Using Subversion for general purpose backup

https://stackoverflow.com/questions/61888

svn
backup

09-06-2019
|

Question

Is it possible to use Apache Subversion (SVN) as general purpose backup tool? (As a kind of rsync alternative.)

Solution

I found this article to be a pretty cool description of using svn to backup your home directory, and more:

I use Subversion to backup my Linux boxes. With some minor creativity, it easily covers:

Daily snapshots and offsite backup.

Easy addition and removal of files and folders.

Detailed tracking of file versions.

It also allows for a few bonus features:

Regular log emails to keep track of filesystem activity via Subversion's event hooks.

Users may request a checkout of their home folders from any respository revision.

New or replacement servers can be setup with a few svn checkout commands.

Source: http://www.mythago.net/svn_for_backup.html

Also found this article which shows an example of versioning your home directory. This allows you to bring your environment with you by checking out your home directory into a new machine. I used to do something similar and found it very useful.

OTHER TIPS

One thing to bear in mind when using SVN as a backup for binary files is that SVN will double the size of your files, because it keeps a local copy of each file (in the .svn/text-base) file.

Apart from that I use SVN for a backup as well. Simply add all files then commit via script.

As a "general purpose" backup, I'd say it's probably not the greatest idea, mainly for the reasons given by others (lots of excess folders and wasted disk space). If you want to just keep backups, again I'd say there's probably better options, depending on your needs, eg: do you need to keep every single version of every single file, or would certain snapshots of your data be sufficient?

However, at my office, we have a small team of 6 who work with shared files (eg: policies and procedures manuals, registration forms, etc). A lot of the time, team members will be working remotely (from home or while travelling), and often offline. Rather than using a central shared-folder setup, we use SVN to give each person an entire working copy of the folder which they can work on and refer to and synchronise whenever possible. This kills two birds with one stone: everyone can access and edit the files even while offline, plus it gives us really great redundancy in our backups. If my laptop catches on fire, it's no hassle because I can just check out another copy (obviously on another computer). If the server catches on fire, we'll have the backups of the repository to restore. If the server AND all the repo backups catch on fire, then all that you've lost are old versions of files. The only way that you'll lose any current data is if the server, your repo backups and every single computer which has a checkout all mysteriously catch on fire.

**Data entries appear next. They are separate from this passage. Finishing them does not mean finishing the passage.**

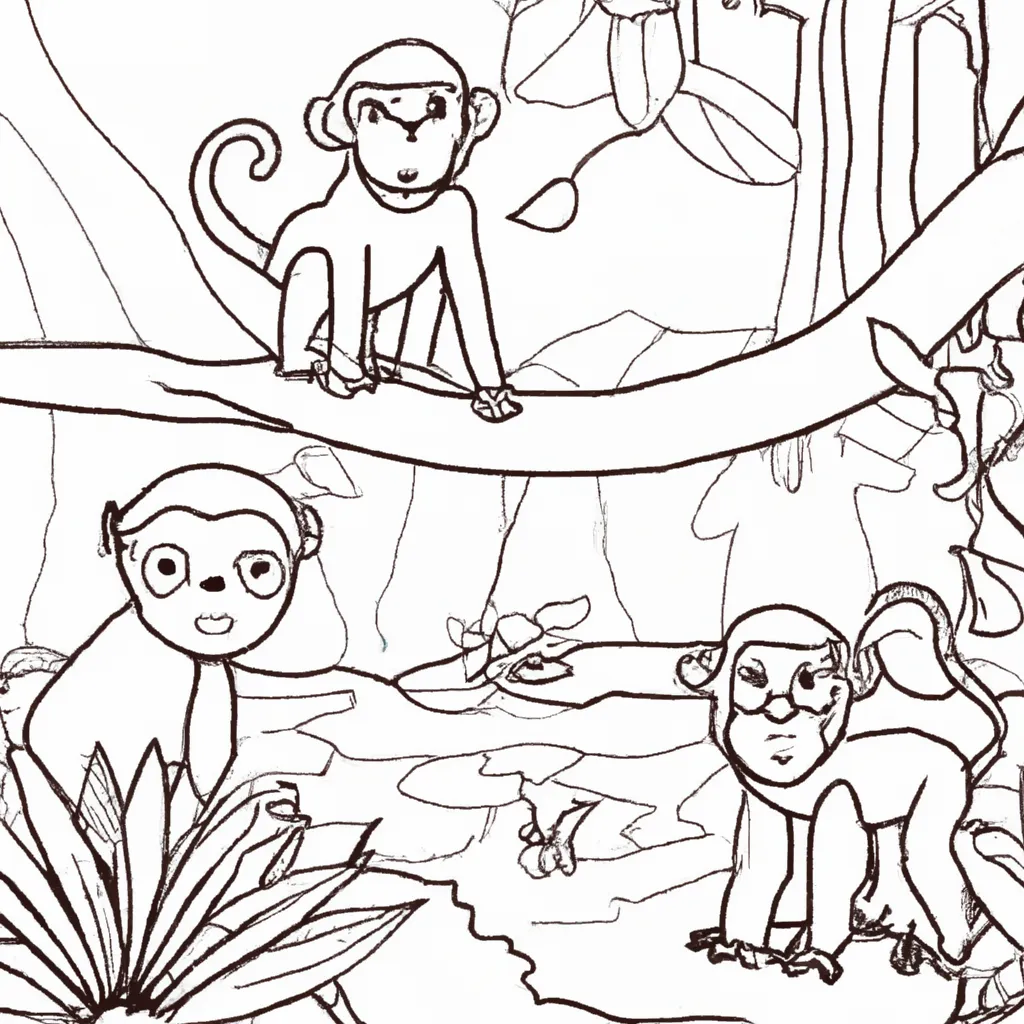 Explore a Selva com Desenhos de Macacos para Colorir 14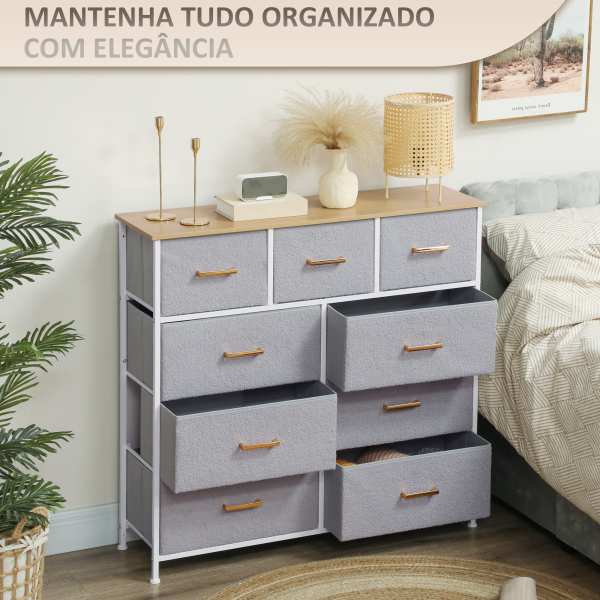HOMCOM Cómoda com 9 Gavetas Estofada em Borreguito Cómoda de Tela com Estrutura de Aço Cómoda para Dormitório 100x30x99 cm Cinzento - Image 5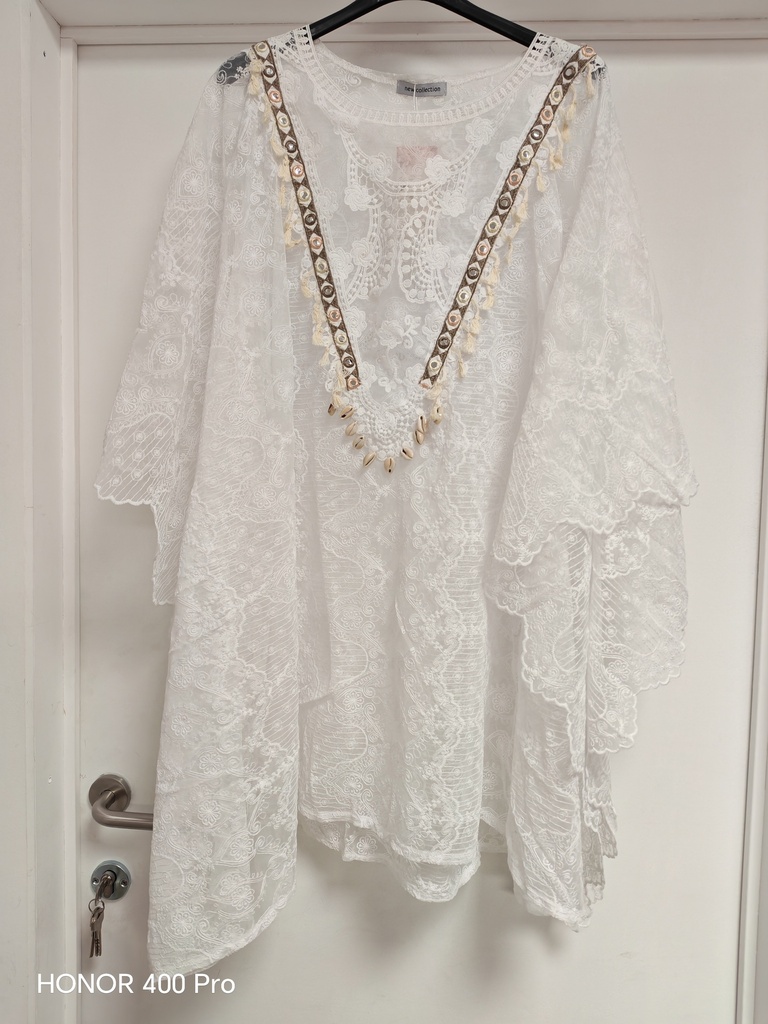 Paréo-blouse "Denteline" blanc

As some people have said though, SVN will never remove information from the repository, meaning that if you only want to keep backups for 60 days, then, well, you can't. This isn't exactly true. Through use of export, dump and import you could effectively wipe out older versions of files. It's not pretty, but it's possible.

One thing, that would annoy me a lot, are the '.svn' folders, that svn puts into every folder it tracks.

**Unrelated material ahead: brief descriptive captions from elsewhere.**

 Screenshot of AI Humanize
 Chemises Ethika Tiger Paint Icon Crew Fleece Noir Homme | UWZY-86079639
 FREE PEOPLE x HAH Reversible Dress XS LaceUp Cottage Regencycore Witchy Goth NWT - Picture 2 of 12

They look annoying, when you copy a folder, you should remember to not copy them (or your sandbox might be irritated) and it is a lot harder to grep through a bunch of folders, since there are often a lot of hits in the .svn resource folders.

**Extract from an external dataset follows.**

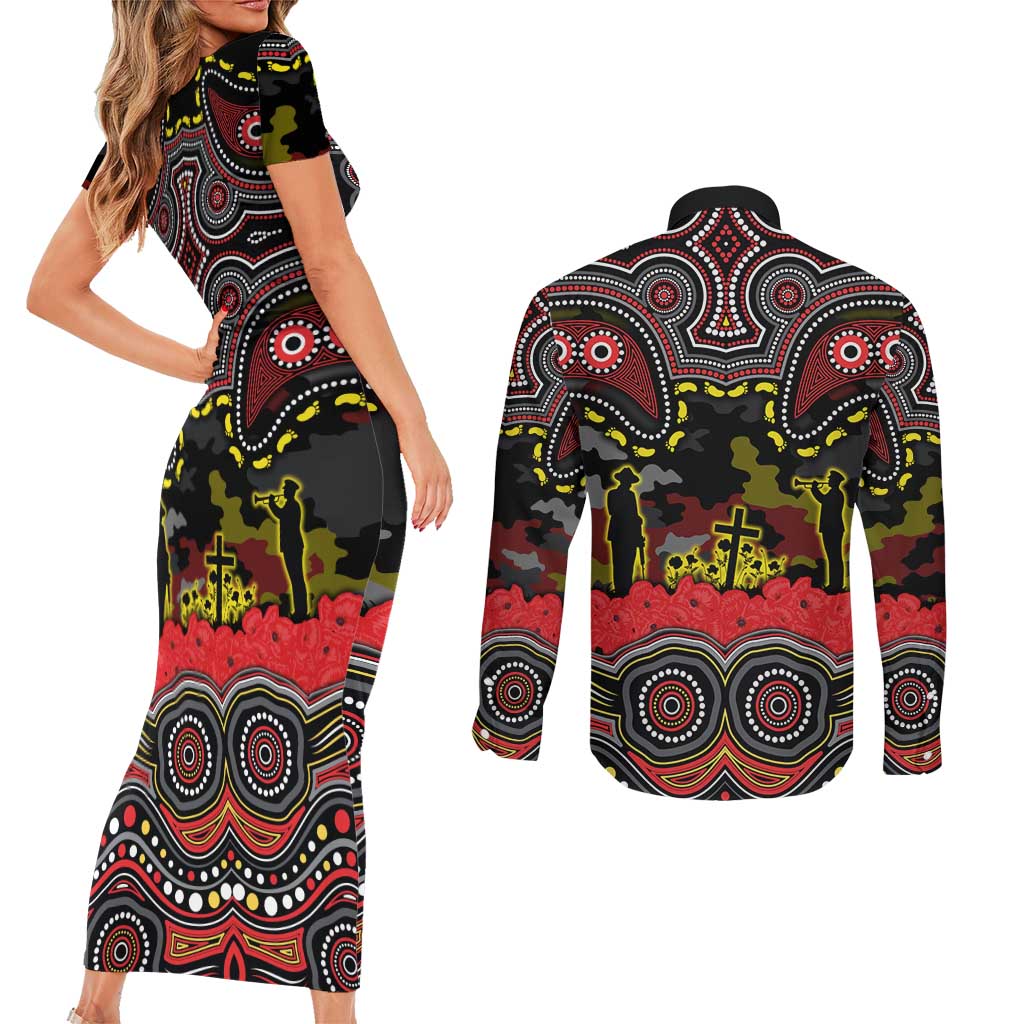 ANZAC Day Penrith Panthers Couples Matching Short Sleeve Bodycon Dress and Long Sleeve Button Shirt Military Memorial Aboriginal Indigenous Art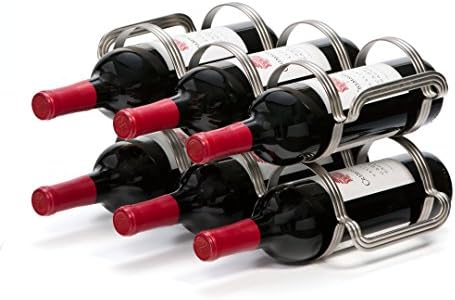 Mango Steam 6 Bottle Counter-top Wine Rack - Storage Organizer for Kitchen Countertops, Pantry, Fridge - (Black)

I like the idea of using a source-control, to control your environment. But I personally would not choose svn for this job. I would go for something like git. But that is probably just me...

I do use SVN to backup my computer, and also to synchronize my laptop and my desktop. But it does have the problems mentioned in earlier answers, mainly the doubling of the disk usage. I also feel that the excess of files and the SVN process constantly checking my HD for changes makes my machine slower.

I would like to highlight, however, that SVN is great for synching different machines, and you also get the bonus of being able to check out a file anywhere if you need to -- I even do it in my browser through the web interface, sometimes.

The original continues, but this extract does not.